Et s'il advenait que les structures médianes subissent usure, érosion, rouille, délabrement, dislocation ?
Qu'une récession de l'économie mondiale provoque l'augmentation du prix des principales denrées agricoles, en même temps qu'une aggravation du chômage, dans les conditions psychologiques énoncées plus haut : que peut-il se produire d'autre qu'une explosion de violence contre les symboles du pouvoir ?
Peut-on pour autant parler de révolution, si cette colère ne traduit pas la conscience du fait que ces dictateurs honnis étaient aux ordres de ceux-là mêmes qui feignent aujourd'hui d'applaudir aux soulèvements de la rue ?
N'est-ce pas l'ordre capitaliste global (Banque mondiale, Fonds monétaire international en tête) qui enjoignait aux Moubarak et aux Ben Ali de ne pas diversifier leurs économies réduites au tourisme ?
Est-il pertinent de parler de révolution si les peupes du Sud, ayant éliminé leurs gendarmes aux ordres du Nord, ne s'attaquent pas à la tyrannie globale en envisageant de transformer le rapport entre coûts et bénéfices dans leurs échanges économiques, lesquels rapports s'inscrivent plus généralement dans une relation de maîtres à esclaves ?
Qui a entendu parler d'une telle perspective, chez tous les chantres d'un indépassable horizon du libre marché ?
Voici quelques mois, un certain Andrea Canino ( Président du Mediterranean Business Council, qui regroupe les principaux acteurs économiques des pays de la Méditerranée), publiait une tribune approuvant avec passion le projet d'Union européenne de Napoléon V (lequel ne manquait sans doute pas d'accents graves pour le conseiller), pour la raison qu'en l'horizon de l'an 2050 (selon les prévisions statistiques), à une population européenne inchangée (de l'ordre de 500 millions d'habitants), correspondrait, au Sud, une augmentation de 50 %, qui porterait les habitants du Maghreb et du Machrek au chiffre de 350 millions de consommateurs.
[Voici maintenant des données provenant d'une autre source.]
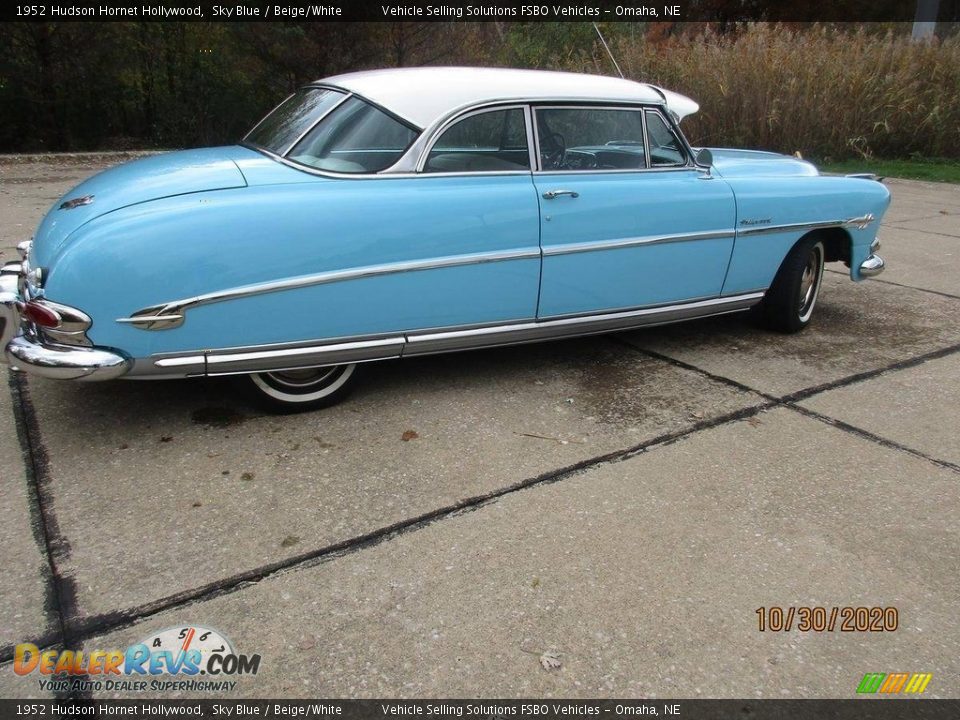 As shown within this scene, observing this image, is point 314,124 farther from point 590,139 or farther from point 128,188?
point 590,139

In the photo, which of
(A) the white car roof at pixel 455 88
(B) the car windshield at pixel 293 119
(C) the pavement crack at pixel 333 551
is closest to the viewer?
(C) the pavement crack at pixel 333 551

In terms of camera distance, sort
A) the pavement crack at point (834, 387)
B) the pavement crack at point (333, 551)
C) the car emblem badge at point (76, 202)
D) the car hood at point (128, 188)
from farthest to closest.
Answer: the pavement crack at point (834, 387) → the car emblem badge at point (76, 202) → the car hood at point (128, 188) → the pavement crack at point (333, 551)

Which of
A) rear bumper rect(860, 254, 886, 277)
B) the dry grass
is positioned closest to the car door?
rear bumper rect(860, 254, 886, 277)

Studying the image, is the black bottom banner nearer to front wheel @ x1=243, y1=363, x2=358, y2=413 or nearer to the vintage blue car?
the vintage blue car

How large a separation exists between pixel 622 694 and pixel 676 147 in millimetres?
3177

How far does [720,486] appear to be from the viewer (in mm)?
3062

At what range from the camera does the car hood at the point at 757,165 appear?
4.62 metres

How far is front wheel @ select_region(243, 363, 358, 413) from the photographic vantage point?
11.3 feet

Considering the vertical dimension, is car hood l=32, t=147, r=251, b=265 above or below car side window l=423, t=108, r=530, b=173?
below

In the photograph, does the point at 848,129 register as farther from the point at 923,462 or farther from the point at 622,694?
the point at 622,694

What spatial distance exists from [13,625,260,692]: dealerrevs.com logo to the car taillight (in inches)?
49.4

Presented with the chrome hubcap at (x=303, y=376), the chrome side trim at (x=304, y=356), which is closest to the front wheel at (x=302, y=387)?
the chrome hubcap at (x=303, y=376)

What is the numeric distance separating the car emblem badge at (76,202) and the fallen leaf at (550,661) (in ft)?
8.44

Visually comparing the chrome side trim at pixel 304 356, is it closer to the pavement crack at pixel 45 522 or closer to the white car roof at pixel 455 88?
the pavement crack at pixel 45 522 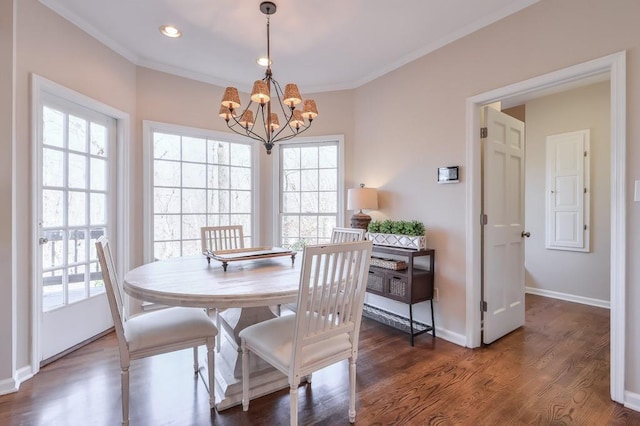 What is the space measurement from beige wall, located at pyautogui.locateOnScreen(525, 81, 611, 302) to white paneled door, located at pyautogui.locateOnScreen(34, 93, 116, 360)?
5296mm

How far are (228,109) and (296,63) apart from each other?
1.45 meters

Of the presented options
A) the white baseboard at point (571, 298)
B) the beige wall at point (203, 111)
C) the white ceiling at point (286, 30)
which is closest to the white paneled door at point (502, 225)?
the white ceiling at point (286, 30)

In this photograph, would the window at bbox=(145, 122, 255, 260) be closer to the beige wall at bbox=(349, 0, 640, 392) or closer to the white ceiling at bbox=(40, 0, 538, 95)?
the white ceiling at bbox=(40, 0, 538, 95)

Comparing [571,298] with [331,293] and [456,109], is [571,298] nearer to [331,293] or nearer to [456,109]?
[456,109]

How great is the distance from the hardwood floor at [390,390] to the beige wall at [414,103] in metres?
0.32

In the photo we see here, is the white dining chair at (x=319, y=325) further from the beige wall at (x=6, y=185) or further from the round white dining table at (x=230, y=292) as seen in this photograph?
the beige wall at (x=6, y=185)

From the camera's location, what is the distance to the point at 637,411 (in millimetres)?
1787

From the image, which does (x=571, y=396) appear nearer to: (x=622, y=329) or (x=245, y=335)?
(x=622, y=329)

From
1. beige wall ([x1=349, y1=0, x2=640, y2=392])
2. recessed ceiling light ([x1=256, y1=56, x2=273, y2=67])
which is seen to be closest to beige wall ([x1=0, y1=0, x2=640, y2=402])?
beige wall ([x1=349, y1=0, x2=640, y2=392])

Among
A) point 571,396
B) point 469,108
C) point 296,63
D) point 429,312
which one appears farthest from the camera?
point 296,63

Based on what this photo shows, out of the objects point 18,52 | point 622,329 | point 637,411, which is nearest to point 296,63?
point 18,52

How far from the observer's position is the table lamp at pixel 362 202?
3.30 meters

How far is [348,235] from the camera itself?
2668 millimetres

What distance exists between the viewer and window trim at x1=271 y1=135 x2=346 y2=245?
3.81 meters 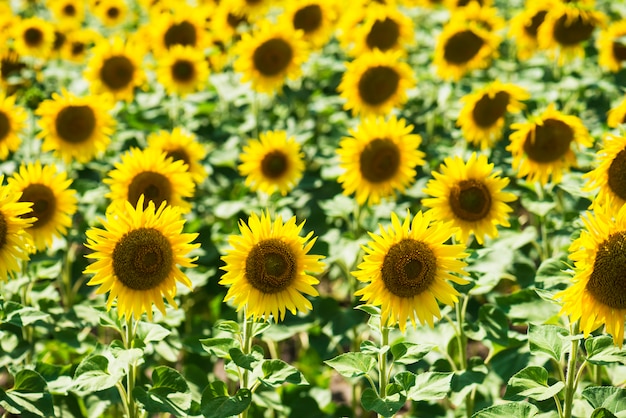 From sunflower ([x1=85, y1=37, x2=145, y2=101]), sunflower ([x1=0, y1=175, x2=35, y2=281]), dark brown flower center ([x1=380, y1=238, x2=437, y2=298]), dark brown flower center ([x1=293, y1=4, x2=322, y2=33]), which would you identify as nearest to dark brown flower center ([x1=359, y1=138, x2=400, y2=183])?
dark brown flower center ([x1=380, y1=238, x2=437, y2=298])

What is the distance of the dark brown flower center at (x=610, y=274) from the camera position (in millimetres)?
2408

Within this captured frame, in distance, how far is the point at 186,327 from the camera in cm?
421

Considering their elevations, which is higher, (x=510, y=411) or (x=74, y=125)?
(x=74, y=125)

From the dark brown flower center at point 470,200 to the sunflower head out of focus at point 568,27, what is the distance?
227 cm

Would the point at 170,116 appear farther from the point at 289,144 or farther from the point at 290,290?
the point at 290,290

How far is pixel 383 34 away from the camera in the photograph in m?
5.30

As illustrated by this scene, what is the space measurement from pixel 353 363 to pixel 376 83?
98.0 inches

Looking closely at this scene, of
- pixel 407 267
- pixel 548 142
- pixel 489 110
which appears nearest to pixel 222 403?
pixel 407 267

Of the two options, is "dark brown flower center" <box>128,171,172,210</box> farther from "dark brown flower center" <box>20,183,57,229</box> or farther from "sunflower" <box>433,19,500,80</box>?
"sunflower" <box>433,19,500,80</box>

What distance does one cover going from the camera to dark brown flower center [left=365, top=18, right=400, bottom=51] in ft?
17.4

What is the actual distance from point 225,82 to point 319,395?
2956 mm

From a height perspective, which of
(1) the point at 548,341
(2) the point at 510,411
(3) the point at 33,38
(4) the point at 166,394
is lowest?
(2) the point at 510,411

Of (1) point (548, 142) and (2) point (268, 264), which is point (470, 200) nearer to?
(1) point (548, 142)

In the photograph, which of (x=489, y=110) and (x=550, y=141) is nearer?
(x=550, y=141) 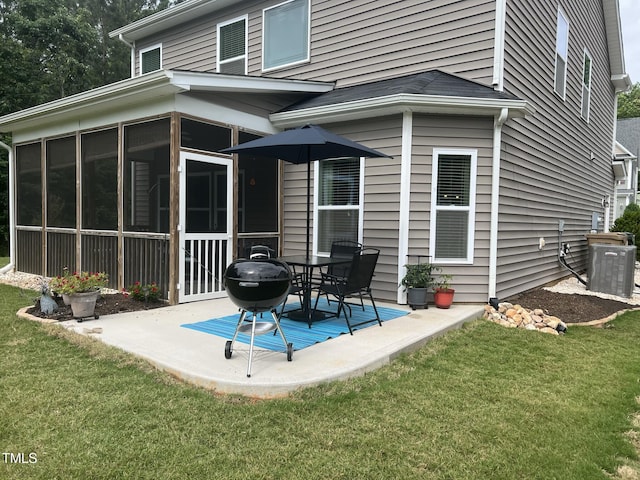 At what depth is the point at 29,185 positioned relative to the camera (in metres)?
7.95

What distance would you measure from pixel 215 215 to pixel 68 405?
352cm

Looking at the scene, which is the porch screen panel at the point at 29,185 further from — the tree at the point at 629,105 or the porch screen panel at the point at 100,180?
the tree at the point at 629,105

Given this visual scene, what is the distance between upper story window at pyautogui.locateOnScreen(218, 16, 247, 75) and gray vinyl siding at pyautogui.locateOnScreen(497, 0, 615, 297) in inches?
205

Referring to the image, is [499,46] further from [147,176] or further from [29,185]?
[29,185]

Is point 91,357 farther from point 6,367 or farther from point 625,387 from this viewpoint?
point 625,387

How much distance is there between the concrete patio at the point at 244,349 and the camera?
10.1 ft

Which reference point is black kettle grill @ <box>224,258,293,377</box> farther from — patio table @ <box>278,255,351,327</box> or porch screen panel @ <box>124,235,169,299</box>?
porch screen panel @ <box>124,235,169,299</box>

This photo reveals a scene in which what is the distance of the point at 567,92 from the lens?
8844 millimetres

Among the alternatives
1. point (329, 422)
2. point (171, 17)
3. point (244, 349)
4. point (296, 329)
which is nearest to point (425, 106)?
point (296, 329)

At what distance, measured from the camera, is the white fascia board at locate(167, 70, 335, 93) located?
16.9 feet

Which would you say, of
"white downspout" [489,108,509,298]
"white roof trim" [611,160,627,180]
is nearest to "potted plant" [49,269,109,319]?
"white downspout" [489,108,509,298]

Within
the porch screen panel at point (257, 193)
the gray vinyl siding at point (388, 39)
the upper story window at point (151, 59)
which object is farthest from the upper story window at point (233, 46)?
the porch screen panel at point (257, 193)

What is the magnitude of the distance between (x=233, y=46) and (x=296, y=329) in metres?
7.08

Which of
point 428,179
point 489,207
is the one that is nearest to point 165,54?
point 428,179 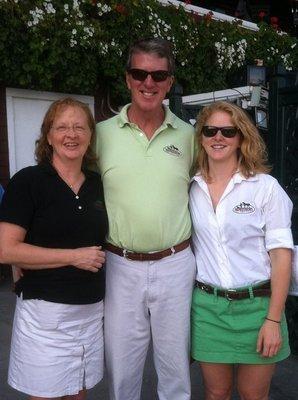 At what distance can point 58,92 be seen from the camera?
6.29 m

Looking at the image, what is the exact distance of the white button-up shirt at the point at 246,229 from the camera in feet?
6.91

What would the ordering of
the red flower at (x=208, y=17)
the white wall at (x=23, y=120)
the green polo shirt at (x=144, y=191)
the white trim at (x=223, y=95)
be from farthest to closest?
the red flower at (x=208, y=17) < the white wall at (x=23, y=120) < the white trim at (x=223, y=95) < the green polo shirt at (x=144, y=191)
Que d'hypermarchés en perspective pour la Grande Surface !
 « Il y a des opportunités de croissance majeure pour les partenaires qui sauront les saisir », ajoutait-il, arguant du fait qu'il s'agissait d'une  « chance unique pour renforcer la compétitivité de nos entreprises, face à la concurrence asiatique ». Et ce Monsieur d'avancer l'argument décisif : celui d'une  « nécessaire complémentarité »  entre un Nord auquel seraient réservées compétences de managementexpertise techniqueet technologies avancées, tandis que la part du Sud serait celle de la main d'oeuvre, de l'énergie et des matières premières bon marché.
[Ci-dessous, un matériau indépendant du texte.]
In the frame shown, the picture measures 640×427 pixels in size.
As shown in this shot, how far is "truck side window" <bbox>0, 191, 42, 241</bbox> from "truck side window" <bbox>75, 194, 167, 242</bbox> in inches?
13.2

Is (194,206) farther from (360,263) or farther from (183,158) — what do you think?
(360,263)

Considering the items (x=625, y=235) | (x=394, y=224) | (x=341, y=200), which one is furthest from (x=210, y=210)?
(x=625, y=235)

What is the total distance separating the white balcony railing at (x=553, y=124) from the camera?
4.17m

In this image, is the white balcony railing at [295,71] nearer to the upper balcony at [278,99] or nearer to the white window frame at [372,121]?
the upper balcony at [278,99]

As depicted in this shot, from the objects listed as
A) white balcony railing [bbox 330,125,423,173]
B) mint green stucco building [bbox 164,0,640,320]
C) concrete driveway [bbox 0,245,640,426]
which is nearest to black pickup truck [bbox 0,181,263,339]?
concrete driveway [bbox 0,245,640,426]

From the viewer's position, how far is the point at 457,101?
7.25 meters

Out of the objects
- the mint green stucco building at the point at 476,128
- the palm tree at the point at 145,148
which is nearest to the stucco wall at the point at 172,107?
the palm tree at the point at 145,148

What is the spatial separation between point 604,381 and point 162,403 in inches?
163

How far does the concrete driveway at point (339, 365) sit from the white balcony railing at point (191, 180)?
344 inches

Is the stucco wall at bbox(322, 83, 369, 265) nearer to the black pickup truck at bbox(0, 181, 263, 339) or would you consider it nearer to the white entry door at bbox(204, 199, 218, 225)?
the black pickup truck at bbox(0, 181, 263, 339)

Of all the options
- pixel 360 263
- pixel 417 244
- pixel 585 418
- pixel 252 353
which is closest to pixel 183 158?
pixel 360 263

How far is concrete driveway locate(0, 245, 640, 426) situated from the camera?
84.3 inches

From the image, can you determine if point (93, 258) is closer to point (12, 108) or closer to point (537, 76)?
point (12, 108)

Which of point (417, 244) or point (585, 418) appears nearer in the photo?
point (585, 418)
Il s'agirait, selon un tel schéma, de faire au Sud ce que l'Allemagne a fait à l'Est, encaissant d'énormes dividendes pour son industrie !
Le plan, selon ses concepteurs, mettrait en jeu des capitaux privés, allèchés par l'hypothèse d'une haute rentabilité, garantie par le soutien financier public !
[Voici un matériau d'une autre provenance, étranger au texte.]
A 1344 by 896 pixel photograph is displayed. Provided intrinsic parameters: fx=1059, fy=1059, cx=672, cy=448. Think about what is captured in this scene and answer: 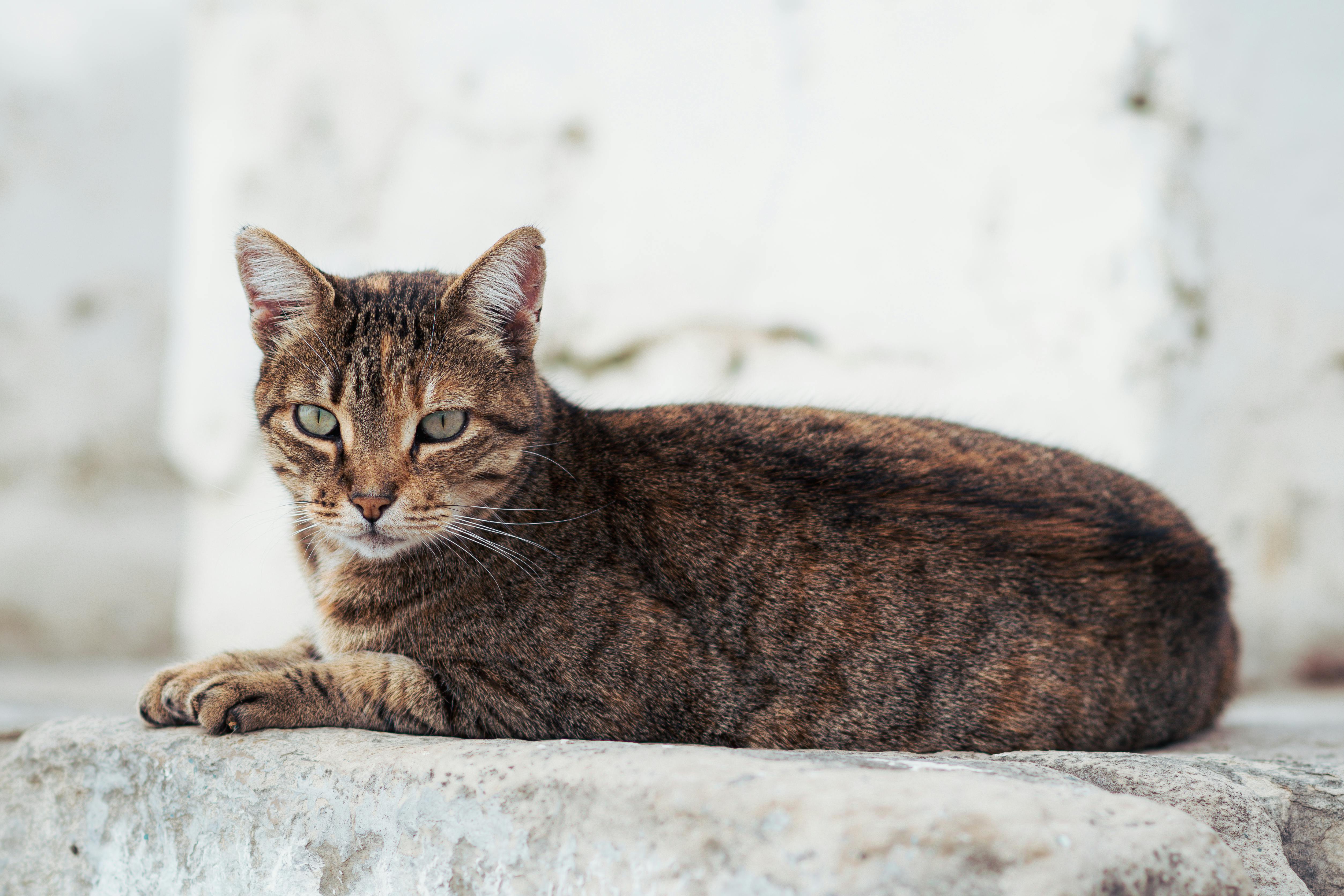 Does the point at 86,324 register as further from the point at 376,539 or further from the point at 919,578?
the point at 919,578

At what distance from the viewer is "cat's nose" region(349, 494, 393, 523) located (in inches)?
84.4

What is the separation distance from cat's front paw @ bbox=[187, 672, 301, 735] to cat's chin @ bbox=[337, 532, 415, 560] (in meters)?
0.31

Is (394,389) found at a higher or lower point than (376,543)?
higher

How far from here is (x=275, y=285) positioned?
2391 millimetres

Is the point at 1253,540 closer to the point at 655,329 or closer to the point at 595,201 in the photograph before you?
the point at 655,329

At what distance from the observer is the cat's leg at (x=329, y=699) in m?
2.15

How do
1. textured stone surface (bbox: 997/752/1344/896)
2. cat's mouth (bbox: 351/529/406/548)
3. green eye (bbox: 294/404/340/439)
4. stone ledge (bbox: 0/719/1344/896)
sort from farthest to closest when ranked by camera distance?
1. green eye (bbox: 294/404/340/439)
2. cat's mouth (bbox: 351/529/406/548)
3. textured stone surface (bbox: 997/752/1344/896)
4. stone ledge (bbox: 0/719/1344/896)

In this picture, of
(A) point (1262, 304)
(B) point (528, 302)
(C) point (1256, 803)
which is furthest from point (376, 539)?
(A) point (1262, 304)

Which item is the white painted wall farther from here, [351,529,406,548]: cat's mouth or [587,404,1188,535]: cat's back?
[351,529,406,548]: cat's mouth

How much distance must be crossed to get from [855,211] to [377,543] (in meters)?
3.36

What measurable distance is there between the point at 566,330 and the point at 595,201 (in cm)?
64

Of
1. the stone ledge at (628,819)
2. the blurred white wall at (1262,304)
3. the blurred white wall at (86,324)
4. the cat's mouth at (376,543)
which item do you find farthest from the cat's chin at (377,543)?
the blurred white wall at (86,324)

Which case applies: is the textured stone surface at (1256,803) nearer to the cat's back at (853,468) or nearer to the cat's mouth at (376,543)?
the cat's back at (853,468)

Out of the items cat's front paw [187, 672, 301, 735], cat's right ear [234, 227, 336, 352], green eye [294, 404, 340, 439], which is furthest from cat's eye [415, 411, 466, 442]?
cat's front paw [187, 672, 301, 735] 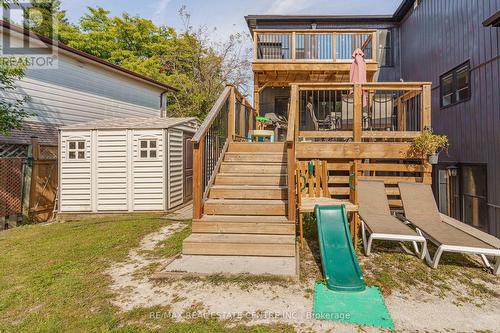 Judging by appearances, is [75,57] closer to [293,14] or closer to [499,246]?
[293,14]

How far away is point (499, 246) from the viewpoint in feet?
11.4

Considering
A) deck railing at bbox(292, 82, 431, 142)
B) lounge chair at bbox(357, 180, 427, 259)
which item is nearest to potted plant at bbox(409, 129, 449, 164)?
deck railing at bbox(292, 82, 431, 142)

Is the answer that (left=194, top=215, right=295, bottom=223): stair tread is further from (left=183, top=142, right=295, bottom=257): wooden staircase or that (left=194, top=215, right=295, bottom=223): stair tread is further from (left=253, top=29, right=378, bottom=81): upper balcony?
(left=253, top=29, right=378, bottom=81): upper balcony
Il était précisé en conclusion que Manuel Barroso garantissait à ce projet le soutien de la Commission européenne.
Un tel projet soigne donc les apparences en comparaison de ce que fut l'ère colonisatrice du Second empire. Napoléon V, en son bonapartisme tout aussi affairiste et huppé, l'emporte sur les devanciers de sa dynastie par une excellence dans la duplicité qui ne traduit elle-même que la montée en puissance des contradictions du capitalisme global. Celui-ci, comme l'avait prévu Marx, aiguise des antagonismes bien plus colossaux que ceux du passé. La systématique du double langage, dont Napoléon Ier fut un champion, doit être mise en oeuvre avec une encore plus parfaite perfidie - la grandeur historique en moins, ce que voudrait dissimuler le porte-plume. Ce qui a pour effet de renforcer encore le mouvement tendanciel par lequel seules des vilenies toujours plus ignobles pour tromper  « ceux d'en-bas »  peuvent encore servir d'armes verbales à  « ceux d'en-haut ».
Voilà, semble-t-il à l'aède, la véritable tyrannie qu'il faut combattre.
Voilà ce qui, pour être dit, mérite accent grave.